SU UYUR…

              Hulusi AKAR. Eski Genelkurmay Başkanı ve Milli Savunma Bakanı, Harp Okulu yıllarımda okul komutanı.

               Geçtiğimiz günlerde kendisi bir konuşmasında “İkinci Dünya Savaşı'nda Danimarka'nın işgali 6 saat. Bunun şakası yok. 'Efendim İsrail bize tehdit mi, değil mi? Tehdit, kocaman bir tehdit” ifadelerini maalesef kullandı. Evet, maalesef diyorum çünkü ne harp tarihi ne askeri coğrafya ve hatta ne de harp teknik ve usullerinin ayırtına varılamadan yapılmış bir açıklama. En azından derinlik denen kavramın farkına varılmış olunsaydı, Danimarka ile Türkiye’yi mukayese etmenin yukarıda bahsettiğimiz hususlar ışığında manasız olduğu anlaşılırdı.

               Türk Silahlı Kuvvetlerinde en büyük sorun subaylardır. Emekli bir subay olarak bunu ifade ediyorum. Çünkü bu husus, öyle içi boş bir konu değildir. Bir subay öncelikle kendisini yetiştirmeli ve donatmalıdır ki, mahiyetini ihtiyaç olunan seviyeye getirebilsin.

               “Millet, bağımsızlığının korunmasını ordudan, ordunun ruhunu teşkil eden subaylardan bekler. İşte subayların yüce olan vazifesi budur.

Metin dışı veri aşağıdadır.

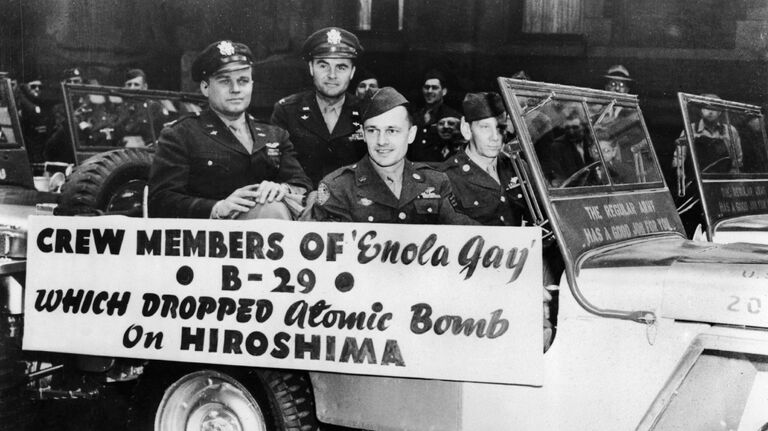 Экипаж бомбардировщика ENOLA GAY B-29 с пилотом Полом Тиббетсом, сбросившим атомную бомбу на Хиросиму
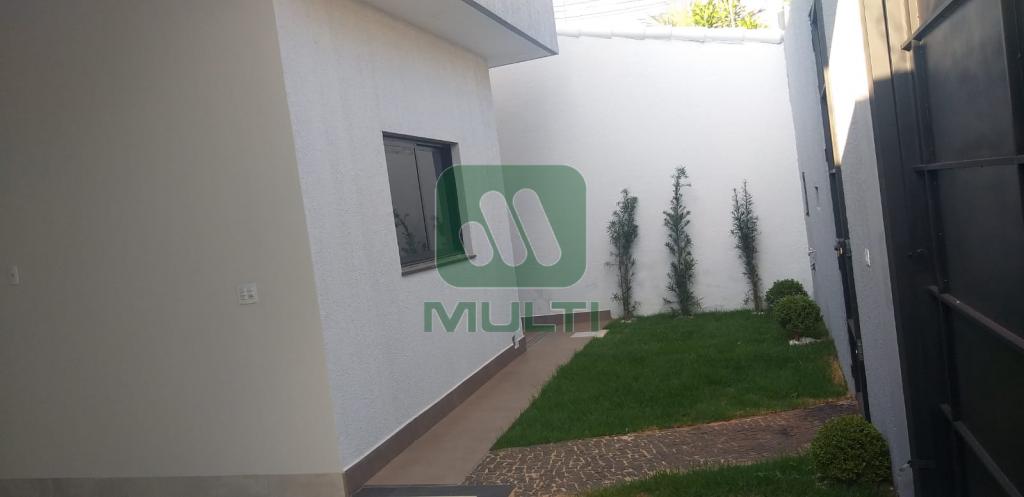 Casa à venda com 3 quartos, 200m² - Foto 8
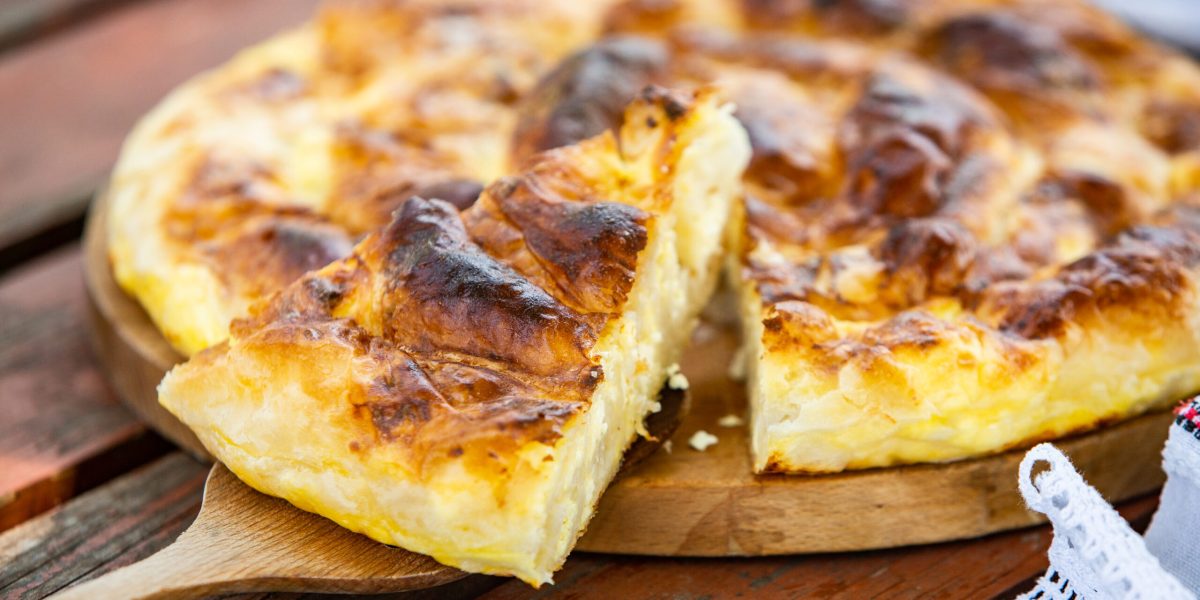 Foaie subțire, brânză-n plăcintă: Rețeta bunicii, cu gust de România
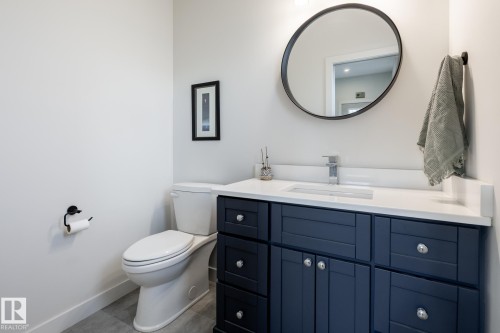 10923 130 Street, Edmonton, AB - Indoor Photo Showing Bathroom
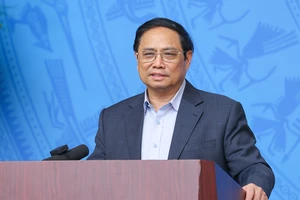 Thủ tướng Phạm Minh Chính chủ trì phiên họp thứ 18 của Ban chỉ đạo quốc gia phòng, chống dịch Covid-19 với 63 tỉnh thành. Ảnh: QUANG PHÚC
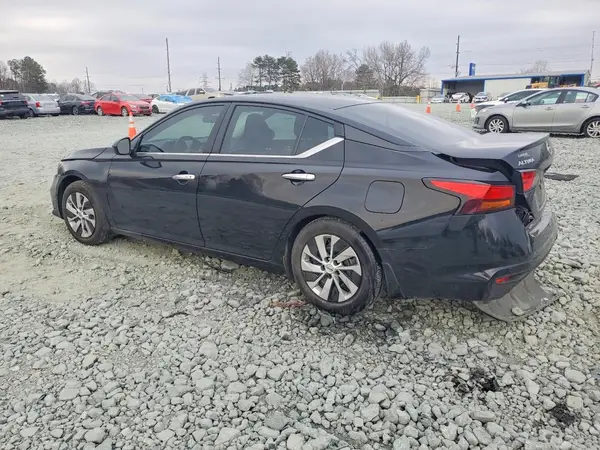 1N4BL4BV6NN411435 2022 NISSAN ALTIMA - Image 2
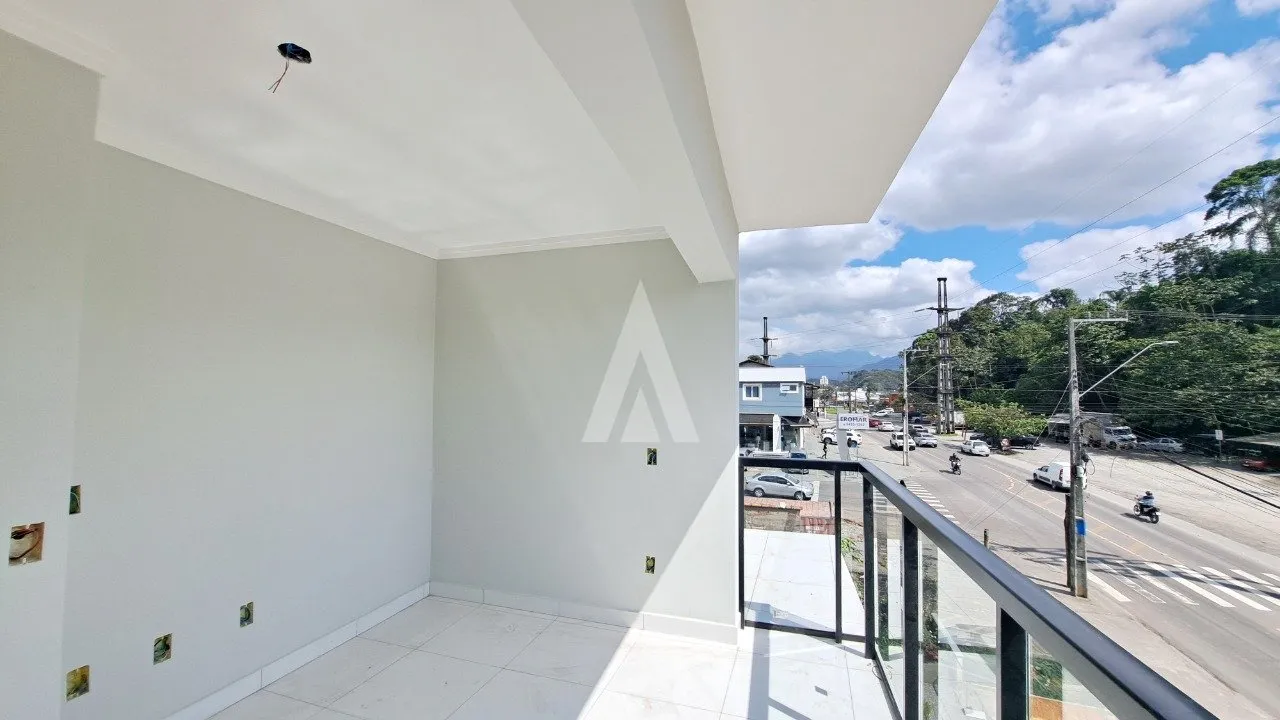 Apartamento com 2 quartos à venda no bairro Costa e Silva em Joinville-SC por R$440.000,00. — foto 3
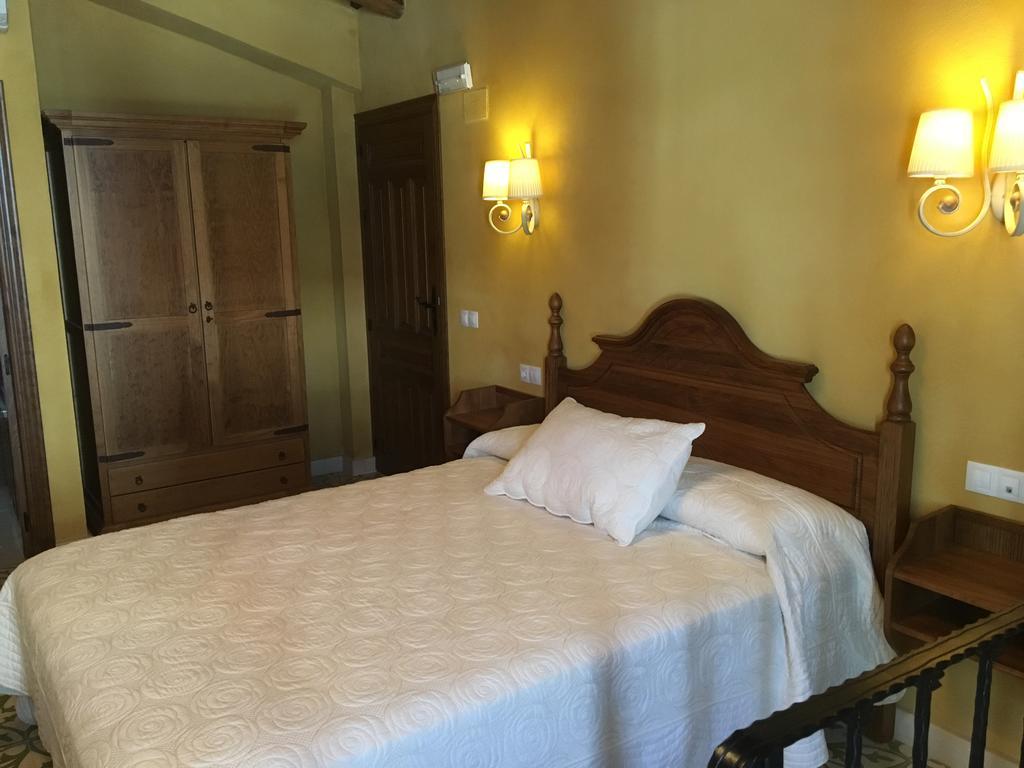 Casa Rural La Plazuela กาซาญา เดลา เซียร์รา ภายนอก รูปภาพ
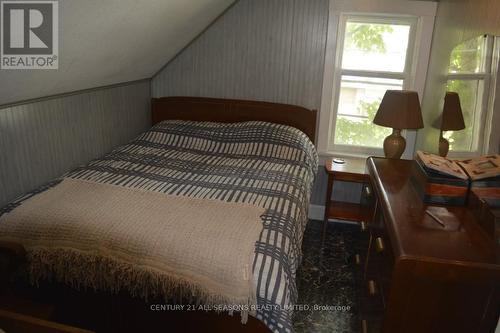 66 Chemaushgon Road, Bancroft, ON - Indoor Photo Showing Bedroom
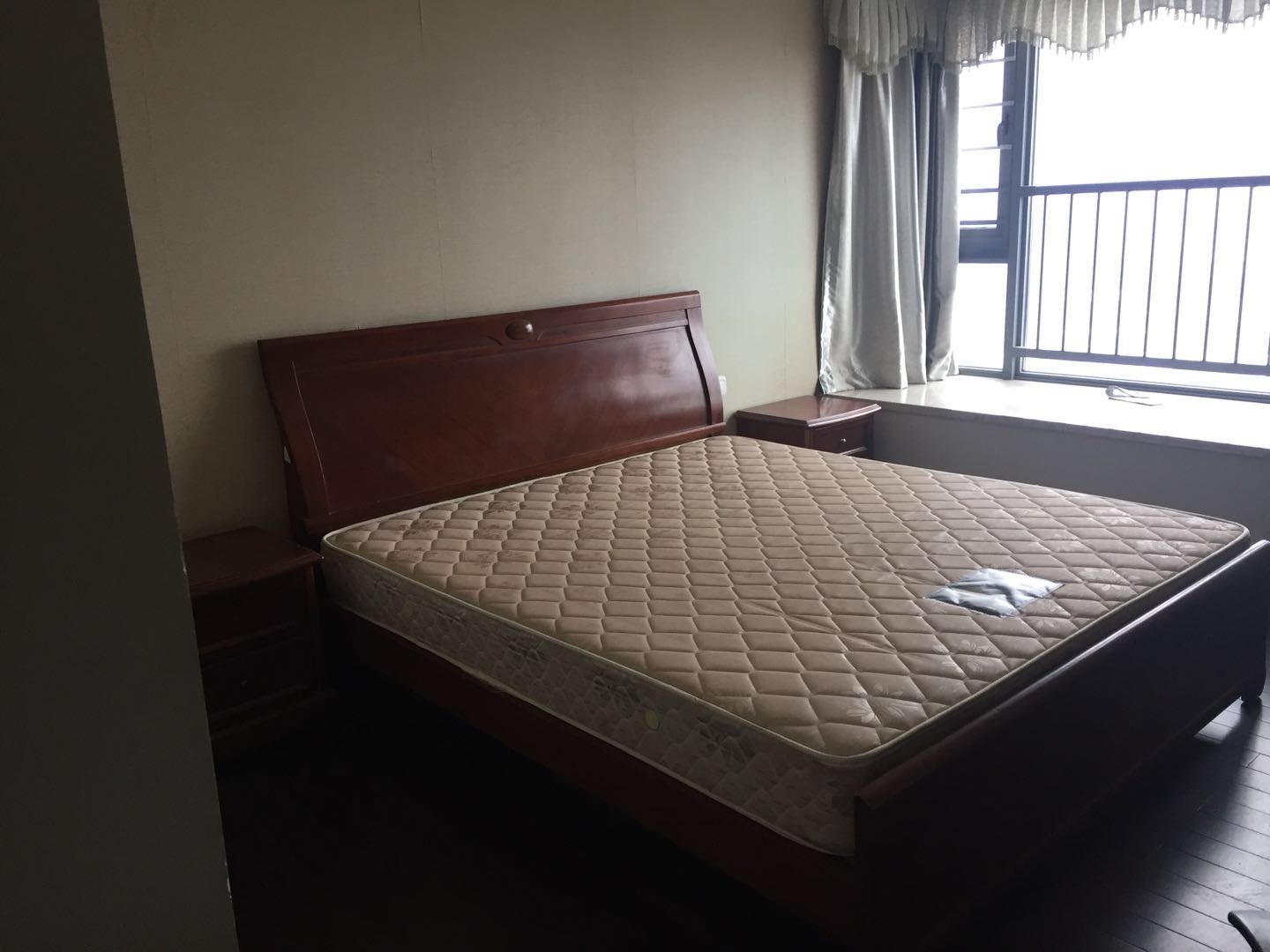 Bedrooms-Master Bedroom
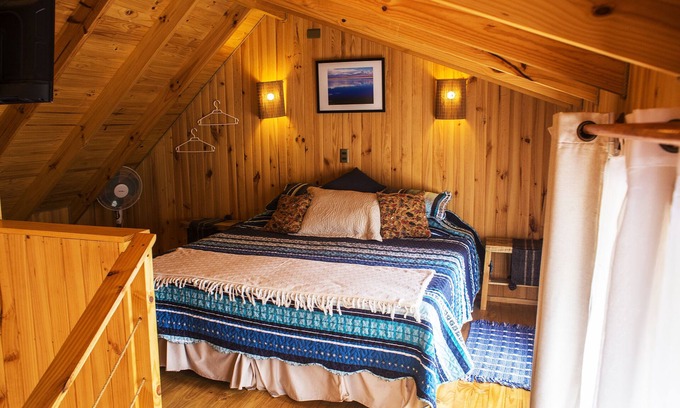 Los Molles Apartamento | Cozy, loft lodging in SCUBA capital. Steps from BioParque, 12 min to la playa!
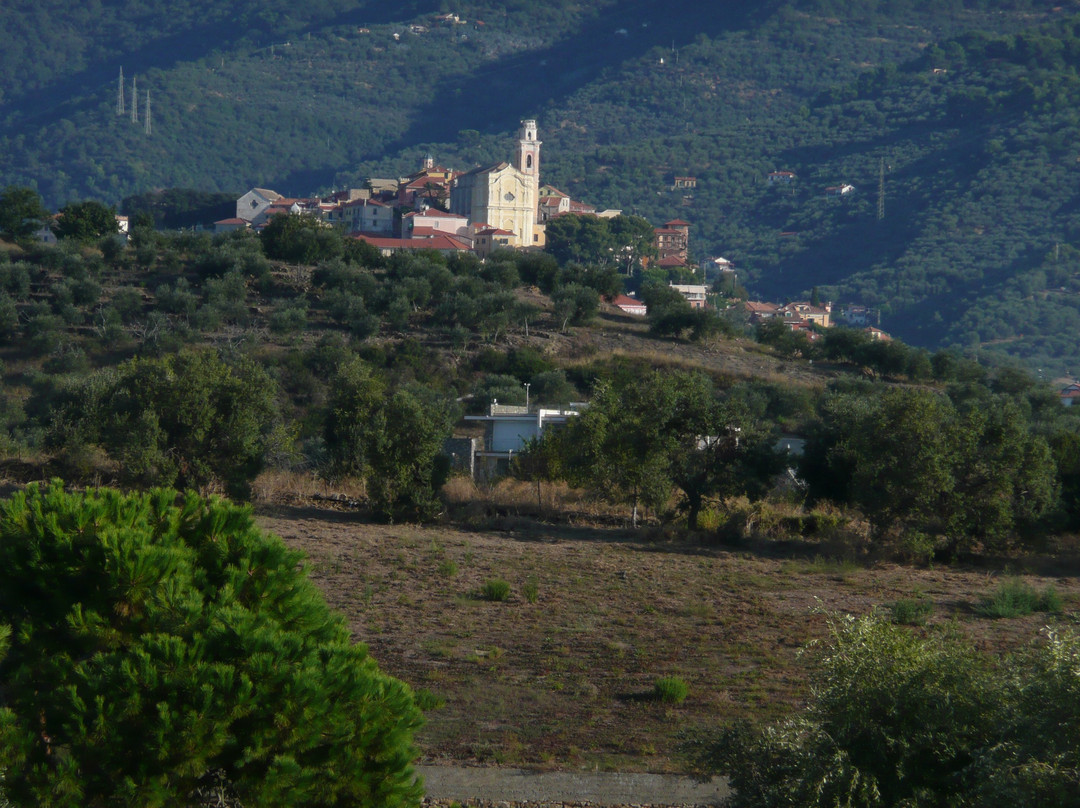梅特罗波尔酒店主图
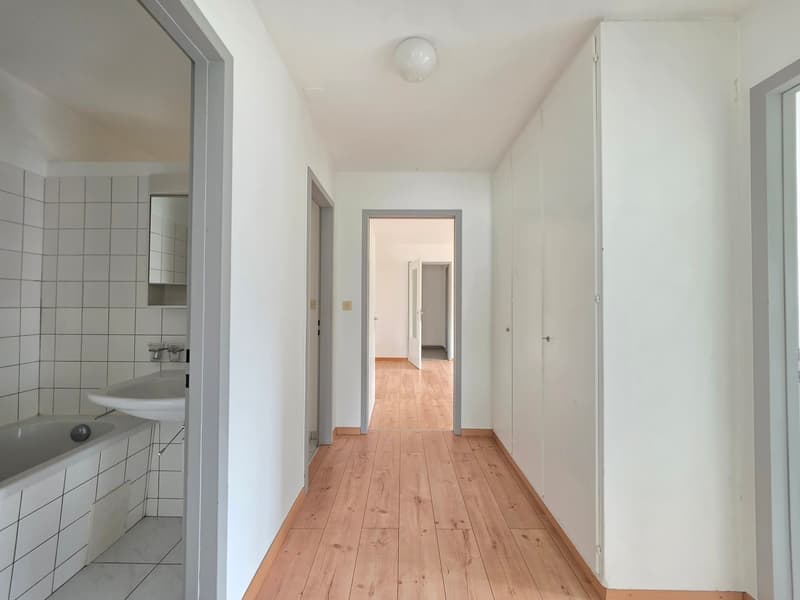 Charming 4-room apartment with balcony and mountain view in Thusis (19)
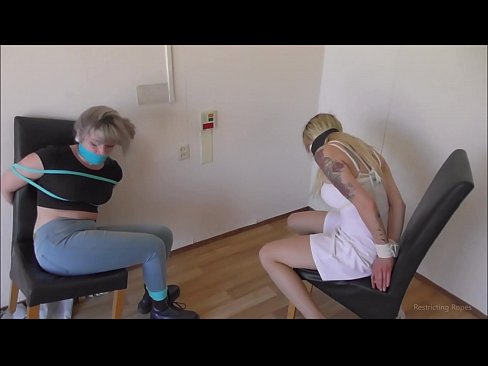 ❤️ E varur / e lidhur dhe e gojës / vajzë në ankth ❤️ Porno tek ne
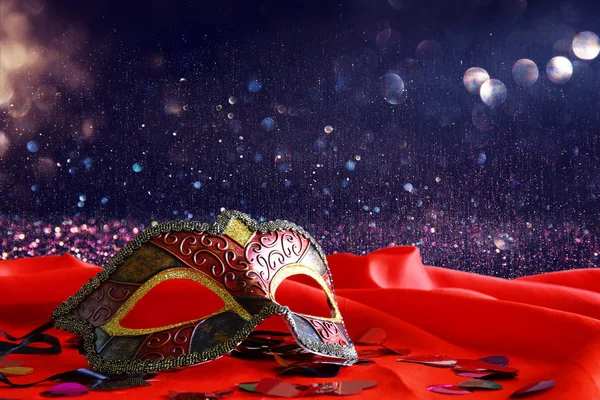 Elegante venezianische Maske auf rotem Seidenhintergrund — Stockfoto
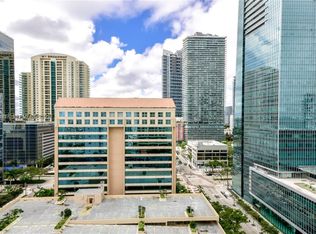 170 SE 14th St, Miami, FL 33131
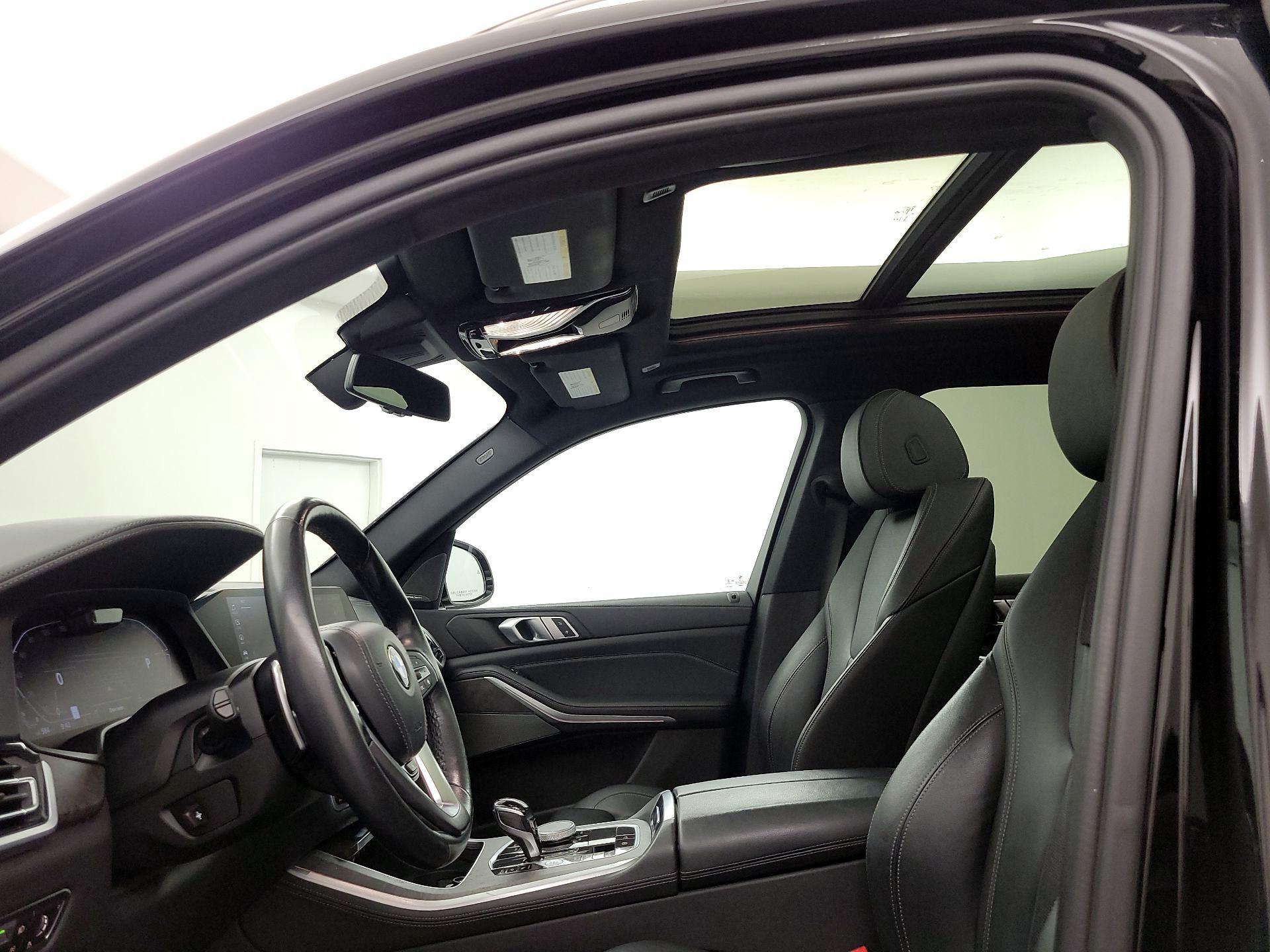 Thumbnail: 2021 BMW X5 - 20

Milletin bağımsızlığı ihlal edilirse bunun vebali subaylara ait olacaktır.” Mustafa Kemal ATATÜRK, 31Temmuz 1920 tarihinde, Afyonkarahisar Kolordu Dairesi’nde subaylara hitaben yaptığı konuşmada bu sözleri sarf etmiştir.

               Bir subayın özveri, ölümü göze alma, emri altındakileri sevk ve idare edebilme, taarruz ruhu, inisiyatif özelliklerini bir bütün olarak üzerinde taşıması gerekmektedir. Bana kalırsa yerinde ve isabetli bir inisiyatif alabilme karakteri zaten bütün özelliklerin bir araya geldiğini göstermektedir. Eğer bir subay meziyetlerini geliştirme konusunda başarısız olması halinde, bütün orduya yansıyacak bir domino etkisinin sorumlusu olacaktır.

               Sun Tzu’ya göre de "Bir komutan zayıf, otoritesini yitirmiş, verdiği emirler açık, belirgin olmayıp, sürekli değişiyorsa; Emrindeki subaylar da askerler de belirli görevlere sahip değil ve üstüne üstlük ordu katmanları düzensiz, rastgele kurulmuş ise bu duruma tek ad verilebilir. Kargaşa." "Bu nedenle askerin komutanına inanmasını sağlamak için ayırım göstermeden bir yandan adil davranıp, diğer yandan çelik gibi disiplin altında tutmalıyız. Bu zafere giden en kesin yoldur."

               Eski Milli Savunma Bakanının açıklamalarına tekrar değinecek olursak; Türkiye Cumhuriyeti, Danimarka değildir. Türk Milleti de kudretini asil kanından ve tarihinden almıştır. Ne zaman nasıl hareket edeceğini bilir. Bu açıklamaları yapanın milletimizin kudretinden mi şüphesi vardır, yoksa Türk Silahlı Kuvvetlerine mi güveni yoktur? Neyin korkusundasınız anlamış değilim.

               Türk Silahlı Kuvvetlerinin tarihinde yaşanmış en büyük travmalardan biri olan 15 Temmuz gecesinde, kendi seçtiği emir subayları ve komuta kademesi ile karargahında enterne edilmiş birinin söylemlerinin ciddiyeti tartışmaya açıktır.

               Bu süreçte tehlike görülecek ise, Sayın Dışişleri Bakanı Hakan FİDAN’ın nükleer tehlike vurgusudur. Kaldı ki, sayın bakan astsubay kökenli biridir. Oysa diğer bakan orgeneral olmuş biridir. Demek ki, makamların önüne geçecek en önemli husus eğitim.

               Bu vesileyle, geleceğin güvencesi sağlam temellere dayalı bir eğitime, eğitim ise öğretmene dayalıdır söylemini hatırlatarak, elleri öpülesi öğretmenlerimizin gününü saygı ve sevgiyle kutladığımı belirtmek isterim.